GOAL OF THE EXERCISE – Transcribe the data underneath exactly. No images belong in your version.

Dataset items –
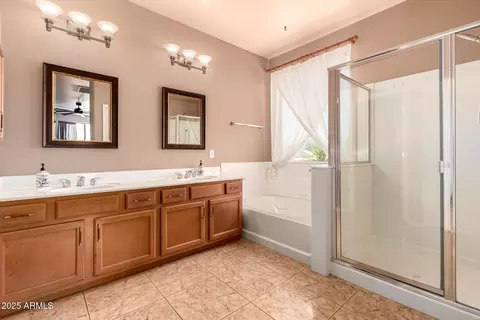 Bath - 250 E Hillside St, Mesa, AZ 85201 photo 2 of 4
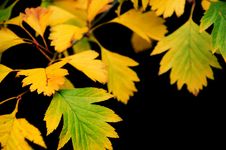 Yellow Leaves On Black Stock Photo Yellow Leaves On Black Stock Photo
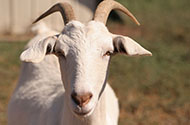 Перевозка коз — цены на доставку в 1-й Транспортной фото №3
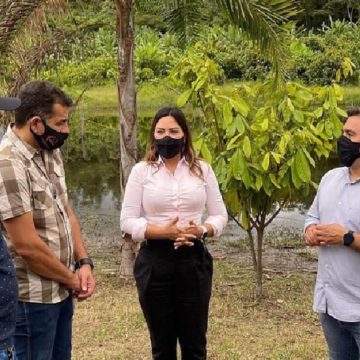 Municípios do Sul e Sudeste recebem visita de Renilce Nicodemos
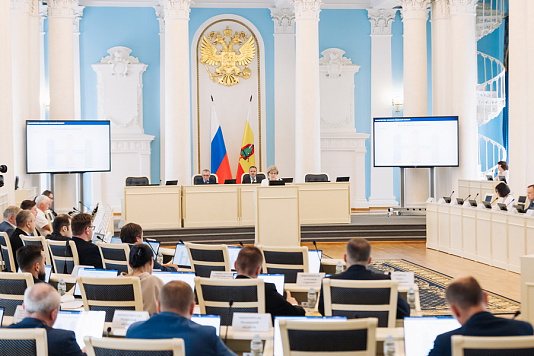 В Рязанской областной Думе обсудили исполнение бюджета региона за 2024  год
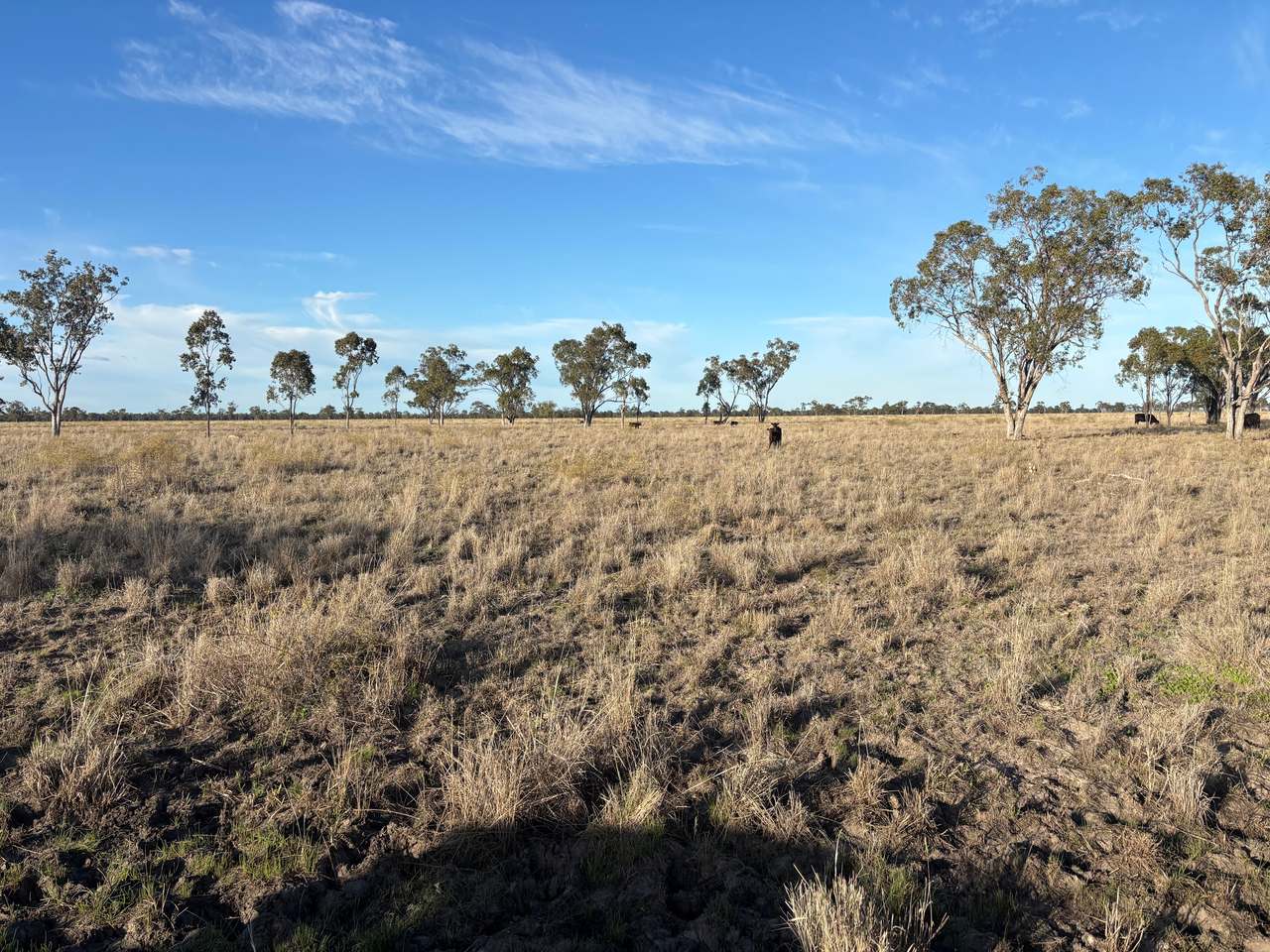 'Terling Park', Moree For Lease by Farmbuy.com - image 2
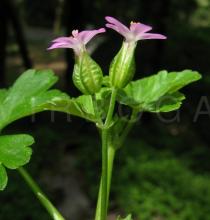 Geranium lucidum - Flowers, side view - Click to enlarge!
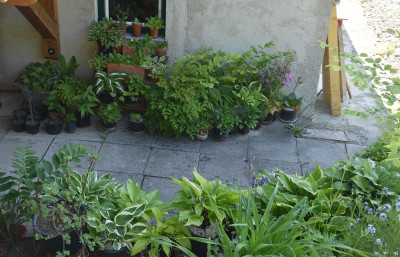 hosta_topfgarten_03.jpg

SOLUTION FOR THIS TASK –
 Bath - 250 E Hillside St, Mesa, AZ 85201 photo 2 of 4
 Yellow Leaves On Black Stock Photo Yellow Leaves On Black Stock Photo
 Перевозка коз — цены на доставку в 1-й Транспортной фото №3
 Municípios do Sul e Sudeste recebem visita de Renilce Nicodemos
 В Рязанской областной Думе обсудили исполнение бюджета региона за 2024  год
 'Terling Park', Moree For Lease by Farmbuy.com - image 2
 Geranium lucidum - Flowers, side view - Click to enlarge!
 hosta_topfgarten_03.jpg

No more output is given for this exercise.